到目前为止,目前的零镜头学习工作仅限于识别对象类别。然而,视觉概念可能比对象类别有更复杂的关系。尤其是在物体/名词之外,属性/形容词是重要的视觉概念。当与对象组合时,同一属性通常具有不同的含义,例如,黄色人脸中的黄色和黄色香蕉的概念明显不同。因此,具有关联对象的零镜头学习属性是一个有趣的未来研究方向。
Curriculum learning
In a lifelong learning setting, a model will incrementally learn to recognize new classes while keeping the capacity for exist- ing classes. A related problem is thus how to select the more suitable new classes to learn given the existing classes. It has been shown that the sequence of adding different classes has a clear impact on the model performance [94]. It is therefore use- ful to investigate how to incorporate the curriculum learning principles in designing a zero-shot learning strategy.

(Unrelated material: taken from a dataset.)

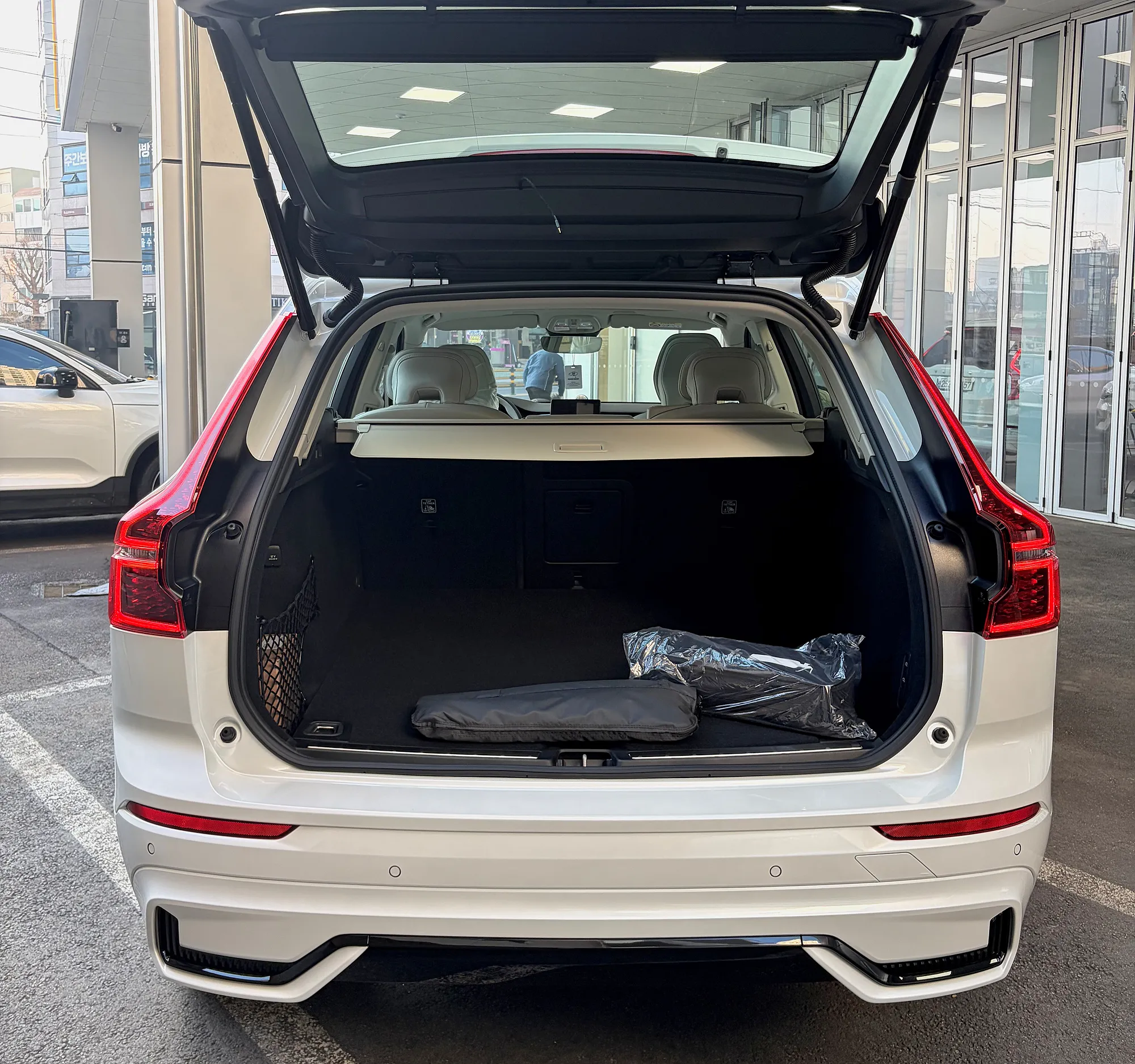 XC60 장기렌트 출고 사진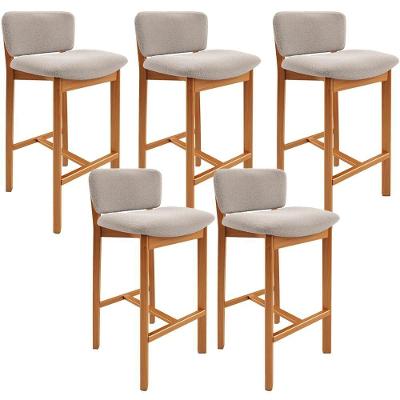 Kit 05 Banquetas Alta Dara L02 Bouclê Creme Assento em Tecido Base em Madeira com Encosto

在终身学习环境中,模型将逐步学习识别新类,同时保留现有类的容量。因此,一个相关的问题是如何根据现有的类选择更合适的新类来学习。研究表明,添加不同类的顺序对模型性能有明显的影响[94]。因此,研究如何将课程学习原则融入到零镜头学习策略的设计中是非常有用的。
Conclusions
In this article, we have reviewed the recent advances in zero- shot recognition. First, different types of semantic representations are examined and compared; the models used in zero-shot learning have also been investigated. Next, beyond zero-shot recognition, one-shot and open-set recognition are identified as two very important related topics and thus reviewed. Finally, the commonly used data sets in zero-shot recognition have been reviewed with a number of issues in existing evaluations of zero-shot recognition methods discussed. We also point out a number of research direction that we believe will be the focus of future zero-shot recognition studies.
在本文中,我们回顾了零镜头识别的最新进展。首先,对不同类型的语义表示进行了检验和比较,并对零镜头学习中使用的模型进行了研究。其次,除了零镜头识别外,单镜头识别和开集识别被认为是两个非常重要的相关课题,并由此进行了综述。最后,回顾了零镜头识别中常用的数据集,讨论了现有零镜头识别方法评价中的若干问题。我们还指出了一些我们认为将成为未来零镜头识别研究重点的研究方向。